А служит эта тональность тому, чтобы читатель глубже воспринял и ощутил содержание повести, в которой описана подлинная, высокая трагедия. Этому подчинены все умело и со вкусом отобранные Квиткой элементы ее стиля. Он добивается того, чтобы мы вместе с ним полюбили Марусю и любовались ею. «Да что же за девка была! Высокая, пряменькая, как стрелочка, черноволосая, глазки как терновые ягодки, черные брови как на шнурочку, личиком румяная, как роза, что в панских садах цветет, носик себе пряменький с небольшим горбиком, а губки как цветочки расцветают и между ними зубки, точно как жерновки, как одна, на ниточке снизаны; когда было заговорит, то так пристойно, разумно, как будто флейточка заиграет нежно, что только бы ее и слушал; а как улыбнется да поведет глазками, а сама покраснеет, так вот точно, как будто шелковым платком оботрет запекшиеся уста».

Под стать ей и «Василь, хлопец славный, белокурый, чисто подбритый, чуб опрятный, усы казацкие, глаза веселые, как звездочки, лицом румяный, проворный, живой, учтивый; жупан на нем синий и китайский чекмень; поясом из английской каламенки подпоясан; в тяжинных шароварах; сапоги славные с подковами». Но, увидев Марусю, «стал наш Василь сам не свой, и как там говорят, как обваренный. То был веселый, шутливый на выдумки, на прибаутки прежде всех; только его и слышно, от него вся хохотня. Теперь же тебе хотя бы полслова проговорил. Голову понурил, руки опустил под стол и ни до кого ни полсловом; все только взглянет на Марусю, тяжко вздохнет и опустит глаза вниз».

«Что же Маруся? И она, сердечная, что-то изменилась: то была, как и всегда, тиха, а тут уж и вовсе, хоть домой идти. Что-то ей стало и скучно и грустно, и как взглянет на Василя, так ей так его жаль станет, а чего? И сама не знает. Разве, может, того, что и он сидит такой невеселый. А еще пуще, как один на одного разом взглянут, Марусю как лихорадка из-за спины так и морозит… И все бы она плакала. А Василь как будто в самой душной хате, как будто кто его тремя тулупами покрыл и горячим сбитнем поил. Вот они скорей один от другого отворотятся и кажется, что и не смотрят; но вот Василь только рукою поведет или голову куда повернет, то уже и Маруся и покраснела, и опять взглянутся между собою».

Детальность этих описаний полна глубокого смысла.

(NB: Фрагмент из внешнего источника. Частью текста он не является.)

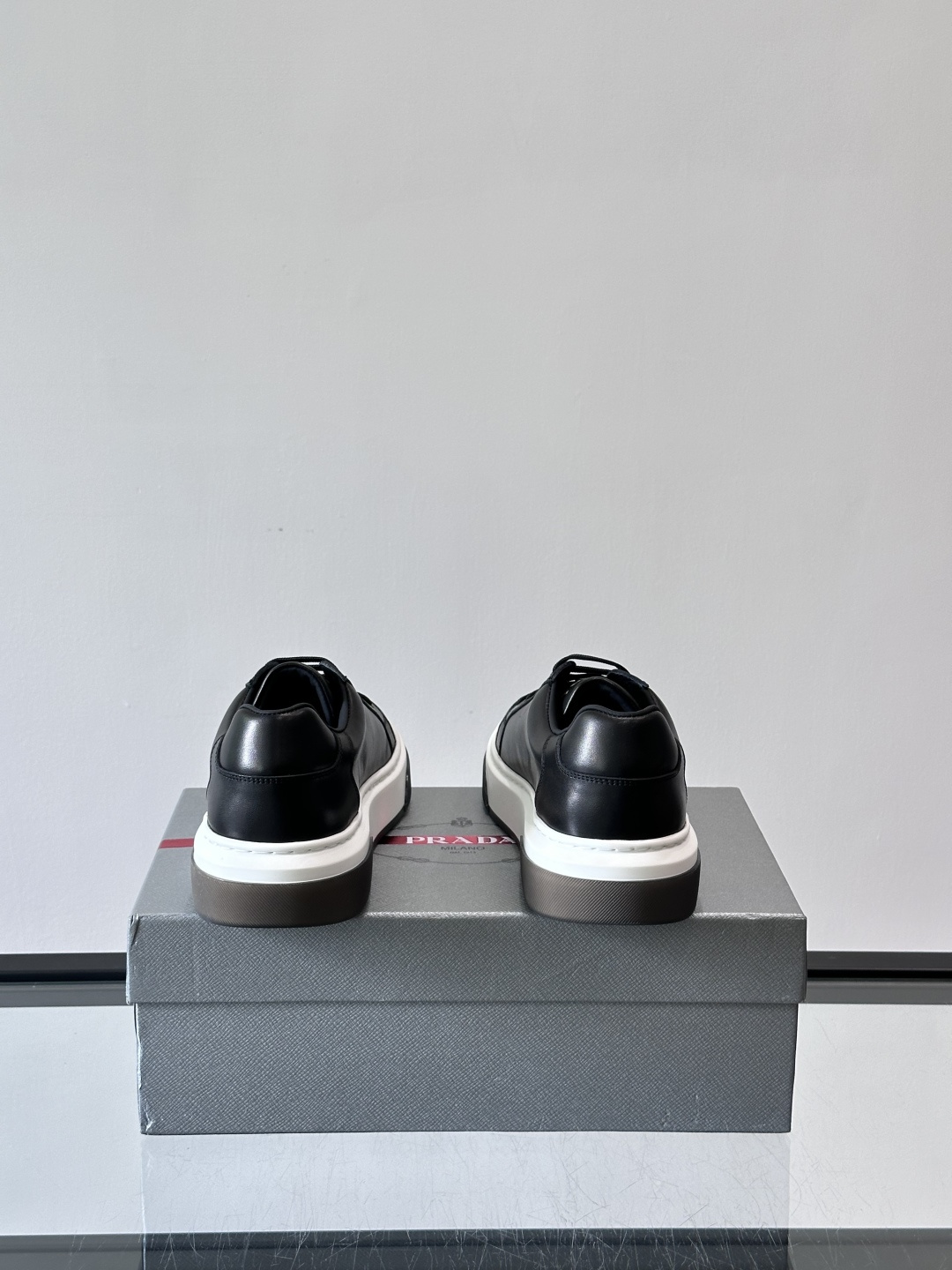 Prad*男士新款柔软皮革休闲运动鞋，这款运动鞋采用牛皮打造，皮质柔软细腻，纹理自然，提升透气性能，外侧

Для того чтобы читатель воспринял дальнейшее развитие событий так, как это задумано автором, он должен уже сейчас проникнуться как можно большей симпатией к героям повести, воспринимать их беды, как свои собственные. Важно поэтому не только то, что Маруся и Василь красивы, но и то, что чувства, вспыхнувшие в них обоих, целомудренны, и выражают они их так, как то предписано народной моралью. Квитка любуется и побуждает своего читателя любоваться не только бровями и губками Маруси, усами и глазами Василя, но тем, как сдержанно они себя ведут, какую проявляют способность не выставлять напоказ окружающим происходящее в их душах.

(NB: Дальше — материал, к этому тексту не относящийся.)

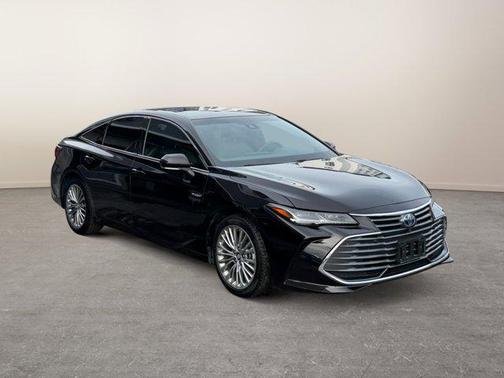 2019 Toyota Avalon Hybrid Limited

При этом необходимо не забывать об одной важной особенности произведений Квитки. Когда мы читаем, например, романы Жюля Верна, нам совершенно безразлична национальность их героев. Мы и в памяти не держим, что капитан Грант и лорд Гленерван – англичане, Жак Паганель и Пьер Аронакс – французы, а Сайрус Смит и Гидеон Спилет – американцы. С их характерами это совершенно не связано. Иное дело Квитка. Персонажи его произведений, как, впрочем, и персонажи «Вечеров на хуторе близ Диканьки», – это именно и только украинцы, люди, выросшие в украинской среде, воспитанные в украинских традициях.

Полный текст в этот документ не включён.